Mit Herzblut um das Leben


Die Camerata Academica bot beim ausverkauften Benefizkonzert eine Ausnahmeleistung.


EMMENDINGEN. "Wegen Überfüllung geschlossen": Damit benannte der Vorsitzende des Vereins Anwesen Leonhardt Alfred Schruhl eines der überaus erfreulichen Momente des Benefizkonzertes der Camerata Academica Freiburg am Sonntagvormittag. Die Steinhalle war bis auf den letzten Platz besetzt und die Überlegung, ob das Programm, das Orchester, der Benefizgrund oder das schöne Wetter vorrangig für die hohe Besucherzahl verantwortlich waren, war nicht wirklich wichtig. Wichtig war, welch andere Momente die Veranstaltung prägten und vielfältige Gratulationen verlangten.


DAS ORCHESTER
Die Camerata Academica Freiburg ist ein semi-professionelles Ensemble, das sich seit 1997 zu Projekten zusammenfindet, als Kammerorchester oder Symphonieorchester auftritt und neben aller Begeisterung für die Musik Offenheit für soziales Engagement mitbringt. Das Orchester konzertierte am Sonntag zum vierten Mal für das Anwesen Leonhardt – das letzte noch verbliebene Ackerbürgerhaus in Emmendingen.

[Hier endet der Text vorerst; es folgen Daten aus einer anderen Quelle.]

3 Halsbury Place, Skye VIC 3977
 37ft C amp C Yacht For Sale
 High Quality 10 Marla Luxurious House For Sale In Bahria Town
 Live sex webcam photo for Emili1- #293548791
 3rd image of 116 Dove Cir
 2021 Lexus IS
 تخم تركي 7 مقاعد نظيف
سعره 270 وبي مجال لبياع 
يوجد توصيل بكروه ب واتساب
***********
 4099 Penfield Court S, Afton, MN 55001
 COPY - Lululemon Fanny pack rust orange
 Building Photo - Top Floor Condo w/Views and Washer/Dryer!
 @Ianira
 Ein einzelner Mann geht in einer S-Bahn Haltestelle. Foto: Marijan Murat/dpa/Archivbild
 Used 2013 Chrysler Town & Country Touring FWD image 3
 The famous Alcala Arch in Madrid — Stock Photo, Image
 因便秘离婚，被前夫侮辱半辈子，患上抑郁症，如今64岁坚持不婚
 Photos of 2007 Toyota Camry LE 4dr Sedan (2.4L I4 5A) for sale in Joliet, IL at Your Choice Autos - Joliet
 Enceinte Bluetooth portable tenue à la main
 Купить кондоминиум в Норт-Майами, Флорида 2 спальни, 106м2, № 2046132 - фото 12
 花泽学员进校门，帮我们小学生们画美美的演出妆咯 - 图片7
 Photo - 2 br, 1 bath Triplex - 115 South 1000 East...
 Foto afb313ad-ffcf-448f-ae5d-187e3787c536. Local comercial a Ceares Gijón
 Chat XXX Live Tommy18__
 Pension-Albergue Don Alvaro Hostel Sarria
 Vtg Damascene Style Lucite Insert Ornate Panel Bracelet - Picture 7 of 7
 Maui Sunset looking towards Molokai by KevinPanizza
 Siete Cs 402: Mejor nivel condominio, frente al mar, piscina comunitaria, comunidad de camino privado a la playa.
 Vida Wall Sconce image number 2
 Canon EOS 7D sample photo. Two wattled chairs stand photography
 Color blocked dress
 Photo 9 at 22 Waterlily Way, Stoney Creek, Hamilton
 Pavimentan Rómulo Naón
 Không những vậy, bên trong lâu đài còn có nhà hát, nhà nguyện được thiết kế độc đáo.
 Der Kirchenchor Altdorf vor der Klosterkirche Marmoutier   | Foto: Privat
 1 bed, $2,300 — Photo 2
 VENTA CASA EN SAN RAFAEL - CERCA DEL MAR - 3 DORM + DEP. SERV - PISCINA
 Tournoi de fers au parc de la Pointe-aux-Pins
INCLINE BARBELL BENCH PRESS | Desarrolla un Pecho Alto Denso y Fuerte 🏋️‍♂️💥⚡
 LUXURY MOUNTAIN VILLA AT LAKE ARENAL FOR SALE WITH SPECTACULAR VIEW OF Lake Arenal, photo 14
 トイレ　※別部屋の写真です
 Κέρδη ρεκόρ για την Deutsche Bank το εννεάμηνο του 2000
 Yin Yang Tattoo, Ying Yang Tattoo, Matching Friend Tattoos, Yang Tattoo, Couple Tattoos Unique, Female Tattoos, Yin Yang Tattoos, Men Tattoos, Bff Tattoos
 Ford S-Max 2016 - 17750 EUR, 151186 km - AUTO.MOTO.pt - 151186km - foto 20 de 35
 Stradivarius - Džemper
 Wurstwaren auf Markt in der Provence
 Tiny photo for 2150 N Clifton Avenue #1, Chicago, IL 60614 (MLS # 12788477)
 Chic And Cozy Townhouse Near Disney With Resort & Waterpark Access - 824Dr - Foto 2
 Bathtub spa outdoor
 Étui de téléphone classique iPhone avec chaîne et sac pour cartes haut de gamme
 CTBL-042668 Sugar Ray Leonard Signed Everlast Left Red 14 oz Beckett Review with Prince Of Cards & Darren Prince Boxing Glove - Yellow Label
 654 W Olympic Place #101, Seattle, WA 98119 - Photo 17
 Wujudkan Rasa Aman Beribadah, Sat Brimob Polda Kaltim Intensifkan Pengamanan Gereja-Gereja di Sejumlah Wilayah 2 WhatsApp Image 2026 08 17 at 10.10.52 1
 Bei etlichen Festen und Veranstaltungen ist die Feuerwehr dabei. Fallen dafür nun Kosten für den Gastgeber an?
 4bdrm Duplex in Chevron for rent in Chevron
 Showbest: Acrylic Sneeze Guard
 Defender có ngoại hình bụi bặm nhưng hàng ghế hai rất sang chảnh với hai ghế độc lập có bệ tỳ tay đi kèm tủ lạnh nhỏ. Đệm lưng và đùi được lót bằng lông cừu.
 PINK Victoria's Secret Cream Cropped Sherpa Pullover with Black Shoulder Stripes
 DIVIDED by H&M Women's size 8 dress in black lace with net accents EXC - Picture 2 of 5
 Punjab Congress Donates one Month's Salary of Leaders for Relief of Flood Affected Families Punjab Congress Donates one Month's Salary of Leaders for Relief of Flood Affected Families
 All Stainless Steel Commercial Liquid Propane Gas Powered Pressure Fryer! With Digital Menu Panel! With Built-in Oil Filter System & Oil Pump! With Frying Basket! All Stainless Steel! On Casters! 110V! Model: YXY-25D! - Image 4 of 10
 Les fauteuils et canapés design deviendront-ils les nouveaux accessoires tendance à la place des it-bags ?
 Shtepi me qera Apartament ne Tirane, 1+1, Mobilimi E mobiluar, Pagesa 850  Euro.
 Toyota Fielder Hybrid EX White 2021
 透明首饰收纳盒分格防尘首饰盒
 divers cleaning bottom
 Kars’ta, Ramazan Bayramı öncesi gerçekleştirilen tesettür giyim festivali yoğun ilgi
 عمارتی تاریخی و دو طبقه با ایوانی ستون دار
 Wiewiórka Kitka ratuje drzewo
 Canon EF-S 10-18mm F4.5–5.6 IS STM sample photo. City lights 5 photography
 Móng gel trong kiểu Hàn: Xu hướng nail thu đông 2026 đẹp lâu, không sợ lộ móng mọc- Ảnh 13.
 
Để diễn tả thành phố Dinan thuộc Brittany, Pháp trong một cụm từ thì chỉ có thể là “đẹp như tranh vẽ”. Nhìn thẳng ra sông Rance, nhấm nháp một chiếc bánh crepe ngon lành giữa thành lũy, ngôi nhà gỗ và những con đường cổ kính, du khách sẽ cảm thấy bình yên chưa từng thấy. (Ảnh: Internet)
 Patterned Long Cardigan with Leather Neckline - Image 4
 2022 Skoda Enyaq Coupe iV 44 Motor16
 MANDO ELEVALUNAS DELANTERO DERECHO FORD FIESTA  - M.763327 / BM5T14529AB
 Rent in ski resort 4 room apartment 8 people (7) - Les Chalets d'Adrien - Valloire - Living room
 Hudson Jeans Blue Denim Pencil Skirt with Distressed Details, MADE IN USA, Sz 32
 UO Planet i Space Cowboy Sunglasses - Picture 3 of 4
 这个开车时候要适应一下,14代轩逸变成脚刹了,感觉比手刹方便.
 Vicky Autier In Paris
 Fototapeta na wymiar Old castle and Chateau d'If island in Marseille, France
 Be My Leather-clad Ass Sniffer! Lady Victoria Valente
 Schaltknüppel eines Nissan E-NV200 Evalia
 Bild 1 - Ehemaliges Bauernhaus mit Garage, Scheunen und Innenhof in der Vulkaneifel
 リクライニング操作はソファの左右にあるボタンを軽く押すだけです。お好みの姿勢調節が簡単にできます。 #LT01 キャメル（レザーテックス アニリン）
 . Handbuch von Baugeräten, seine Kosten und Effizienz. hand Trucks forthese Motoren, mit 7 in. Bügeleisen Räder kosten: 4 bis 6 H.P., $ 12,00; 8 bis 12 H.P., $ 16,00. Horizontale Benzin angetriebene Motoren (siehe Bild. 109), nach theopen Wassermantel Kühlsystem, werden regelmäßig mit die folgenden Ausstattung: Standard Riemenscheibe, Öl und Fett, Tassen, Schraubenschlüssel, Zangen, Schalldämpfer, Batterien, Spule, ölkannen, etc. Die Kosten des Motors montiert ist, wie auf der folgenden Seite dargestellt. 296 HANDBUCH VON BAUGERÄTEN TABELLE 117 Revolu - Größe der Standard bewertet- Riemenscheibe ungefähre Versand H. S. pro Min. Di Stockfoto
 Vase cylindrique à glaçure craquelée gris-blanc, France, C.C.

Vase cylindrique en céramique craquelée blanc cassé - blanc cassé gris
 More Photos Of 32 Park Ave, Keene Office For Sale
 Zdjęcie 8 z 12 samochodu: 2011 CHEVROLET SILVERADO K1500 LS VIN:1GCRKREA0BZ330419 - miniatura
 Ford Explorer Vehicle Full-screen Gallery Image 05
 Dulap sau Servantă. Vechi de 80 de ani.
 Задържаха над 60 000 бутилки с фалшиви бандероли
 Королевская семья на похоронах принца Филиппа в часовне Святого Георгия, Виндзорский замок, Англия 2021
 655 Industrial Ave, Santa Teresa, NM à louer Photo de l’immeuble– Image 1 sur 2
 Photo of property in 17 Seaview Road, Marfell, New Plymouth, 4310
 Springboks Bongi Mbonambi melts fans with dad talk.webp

Dass mit der Interpretation der 5. Symphonie von Dimitri Schostakowitsch unbestritten ein Höhepunkt in der Geschichte des Orchester mitzuerleben war, teilte sich mit den ersten Takten mit. Der Einsatz aller, wobei sich Konzentration und Enthusiasmus die Waage hielten, trug zu einem Gesamtergebnis bei, das von einer intensiven Befassung und Eindringen in die Musiksprache Schostakowitschs geprägt war. Sich eine Projektwoche lang auf dieses gewaltige Werk einlassen, sich spieltechnisch und gestaltend damit auseinander setzen und sich im Moment der Aufführung zu einem großartigen Ergebnis zu steigern, fasste ein Spieler aus den Ersten Geigen zusammen: "Wir haben mit Herzblut gespielt, sozusagen um unser Leben". Gratulation!
 

DER DIRIGENT
Manuel Nawri, "Chefdirigent" der Camerata Academica, gelang es ein weiteres Mal, das Orchester in einer intensiven gemeinsamen Probenzeit auf eine Interpretation einzustimmen, die von einheitlicher Begeisterung für das Werk getragen war. Die 5. Symphonie von Schostakowitsch bedeutet eine besondere Herausforderung. Sie ist gewaltig in ihren Ausmaßen, gewaltig in ihren Ansprüchen was Können, Spielleidenschaft und Ausstattung angeht. Neben dem großen Orchester sind Klavier, Harfe und Glockenspiel gefordert.

Die Herausforderung einer Interpretation war glänzend gemeistert. Die Extreme zwischen leisen lyrischen Passagen (Triangel statt Becken), spöttisch-tänzerischen und extremen Steigerungen in Dynamik und Tempi waren deutlich ausgemacht und wiedergegeben. Manuel Nawris ausdrucksvollem körperlichen Dirigat war der jeweilige musikalische Duktus abzulesen, seine weichen Bewegungen riefen die romantisch-lyrischen Passagen im Schumann-Klavierkonzert ebenso stimmig ab wie sein herrischer Gestus die grotesken Walzer- oder Marschpassagen bei Schostakowitsch. Dessen 5.Symphonie liegt in Interpretationen vor, die in der Länge um mehr als eine Stunde variieren. Nawri hatte sich für eine schnelle Version entschieden, der triumphale, sich ins opulente Finale steigernde Marsch erhielt damit noch mehr abgründige Tiefe. Gratulation!

 

DER PIANIST
Auch dem Pianisten Michael Poliatskin ist zu gratulieren. Sein Spiel überzeugte durch sichere Technik und die Freiheit von jeder pianistischen Attitüde. Seine Spielweise des Klavierkonzertes von Schumann rückte das Männlich-kraftvolle dieses Werkes in den Vordergrund, die romantischen idyllischen Passagen blieben eher blass, ein Gegenentwurf zu der Interpretation von Michael Leuschner mit dem Symphonieorchester Emmendingen im Mai diesen Jahres. Pianist und Orchester brauchten einige Takte, bis sie zu einem stimmigen Miteinander gefunden hatten. Der feine Dialog zwischen Klavier und Orchester, welcher den zweiten Satz charakterisiert, war dann glänzend musiziert.

Einer Benefizveranstaltung auf diesem Niveau mit derartig zahlreichem Zuspruch und Interesse des Publikums für einen nach wie vor überzeugenden Inhalt gebührt eine extra Gratulation!